(TASK INSTRUCTIONS) Everything from the line with "Generic Cutlery Set" to the end of the material is to be retyped exactly, both ends included, and nothing else.

(PROVIDED INFORMATION)
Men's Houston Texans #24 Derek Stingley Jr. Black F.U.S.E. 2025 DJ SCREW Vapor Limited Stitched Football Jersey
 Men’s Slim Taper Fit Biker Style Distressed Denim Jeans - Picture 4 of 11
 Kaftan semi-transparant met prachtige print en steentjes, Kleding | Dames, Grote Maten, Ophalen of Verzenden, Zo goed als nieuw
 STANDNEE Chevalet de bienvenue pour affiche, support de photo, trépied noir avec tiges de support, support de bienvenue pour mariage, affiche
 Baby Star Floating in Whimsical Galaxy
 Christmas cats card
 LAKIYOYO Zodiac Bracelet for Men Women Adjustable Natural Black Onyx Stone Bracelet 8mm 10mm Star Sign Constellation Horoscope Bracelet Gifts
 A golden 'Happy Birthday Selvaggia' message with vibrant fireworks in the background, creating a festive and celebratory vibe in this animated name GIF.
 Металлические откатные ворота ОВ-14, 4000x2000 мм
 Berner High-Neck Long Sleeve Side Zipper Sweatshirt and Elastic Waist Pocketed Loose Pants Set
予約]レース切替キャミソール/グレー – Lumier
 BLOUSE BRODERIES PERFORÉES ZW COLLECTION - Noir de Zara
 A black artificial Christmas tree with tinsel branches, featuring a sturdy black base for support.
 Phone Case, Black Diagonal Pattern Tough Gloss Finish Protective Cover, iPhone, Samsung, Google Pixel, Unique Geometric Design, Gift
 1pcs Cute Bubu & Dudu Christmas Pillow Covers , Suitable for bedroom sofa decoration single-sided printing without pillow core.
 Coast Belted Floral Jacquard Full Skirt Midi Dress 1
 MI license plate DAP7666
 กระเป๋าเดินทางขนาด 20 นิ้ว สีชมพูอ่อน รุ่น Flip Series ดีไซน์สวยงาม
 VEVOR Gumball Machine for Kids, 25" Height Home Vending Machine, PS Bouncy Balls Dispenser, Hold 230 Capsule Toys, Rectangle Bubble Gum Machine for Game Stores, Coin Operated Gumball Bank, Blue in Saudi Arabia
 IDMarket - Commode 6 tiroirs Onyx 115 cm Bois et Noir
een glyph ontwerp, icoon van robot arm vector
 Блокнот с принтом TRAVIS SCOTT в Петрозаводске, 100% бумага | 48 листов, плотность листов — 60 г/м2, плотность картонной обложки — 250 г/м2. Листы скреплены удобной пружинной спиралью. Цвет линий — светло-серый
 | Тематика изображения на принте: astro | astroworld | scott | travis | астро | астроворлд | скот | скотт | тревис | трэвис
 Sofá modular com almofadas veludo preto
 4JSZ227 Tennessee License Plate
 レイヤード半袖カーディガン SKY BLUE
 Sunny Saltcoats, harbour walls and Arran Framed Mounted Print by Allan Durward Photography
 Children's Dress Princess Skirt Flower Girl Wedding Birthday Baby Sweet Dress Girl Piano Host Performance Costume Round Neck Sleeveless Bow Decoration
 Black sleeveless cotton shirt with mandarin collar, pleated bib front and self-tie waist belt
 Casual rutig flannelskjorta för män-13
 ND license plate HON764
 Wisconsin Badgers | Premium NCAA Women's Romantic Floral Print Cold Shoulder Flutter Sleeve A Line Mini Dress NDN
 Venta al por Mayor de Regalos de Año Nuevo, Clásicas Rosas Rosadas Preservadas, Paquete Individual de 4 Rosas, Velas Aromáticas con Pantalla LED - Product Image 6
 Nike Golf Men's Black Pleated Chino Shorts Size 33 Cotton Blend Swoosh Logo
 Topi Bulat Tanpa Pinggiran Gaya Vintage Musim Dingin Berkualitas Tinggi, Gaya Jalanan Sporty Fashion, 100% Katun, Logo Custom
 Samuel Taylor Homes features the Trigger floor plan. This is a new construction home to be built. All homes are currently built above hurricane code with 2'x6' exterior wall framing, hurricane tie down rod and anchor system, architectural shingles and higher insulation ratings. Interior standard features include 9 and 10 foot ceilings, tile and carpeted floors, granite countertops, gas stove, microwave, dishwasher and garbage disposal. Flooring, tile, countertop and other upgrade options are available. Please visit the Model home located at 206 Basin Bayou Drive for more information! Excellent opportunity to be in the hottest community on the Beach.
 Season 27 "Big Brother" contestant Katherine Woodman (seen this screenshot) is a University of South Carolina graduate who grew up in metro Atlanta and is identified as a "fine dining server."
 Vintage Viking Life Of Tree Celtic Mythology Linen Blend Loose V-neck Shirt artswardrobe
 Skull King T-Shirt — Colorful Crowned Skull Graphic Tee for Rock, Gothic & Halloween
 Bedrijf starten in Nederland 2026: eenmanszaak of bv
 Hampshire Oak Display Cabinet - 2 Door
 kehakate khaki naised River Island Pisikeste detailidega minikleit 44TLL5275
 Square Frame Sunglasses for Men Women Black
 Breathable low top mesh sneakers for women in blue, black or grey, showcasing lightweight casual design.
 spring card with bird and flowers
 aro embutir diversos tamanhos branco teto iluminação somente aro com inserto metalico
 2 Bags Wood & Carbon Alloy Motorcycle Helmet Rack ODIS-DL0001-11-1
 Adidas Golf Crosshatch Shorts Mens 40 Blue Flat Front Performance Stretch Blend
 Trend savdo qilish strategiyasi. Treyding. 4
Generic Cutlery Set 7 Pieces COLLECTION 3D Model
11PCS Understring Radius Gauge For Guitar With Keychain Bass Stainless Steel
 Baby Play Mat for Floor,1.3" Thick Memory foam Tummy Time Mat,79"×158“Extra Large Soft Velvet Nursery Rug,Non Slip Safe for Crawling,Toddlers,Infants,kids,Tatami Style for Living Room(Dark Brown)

(SOLUTION FOR THIS PROBLEM)
Generic Cutlery Set 7 Pieces COLLECTION 3D Model
11PCS Understring Radius Gauge For Guitar With Keychain Bass Stainless Steel
 Baby Play Mat for Floor,1.3" Thick Memory foam Tummy Time Mat,79"×158“Extra Large Soft Velvet Nursery Rug,Non Slip Safe for Crawling,Toddlers,Infants,kids,Tatami Style for Living Room(Dark Brown)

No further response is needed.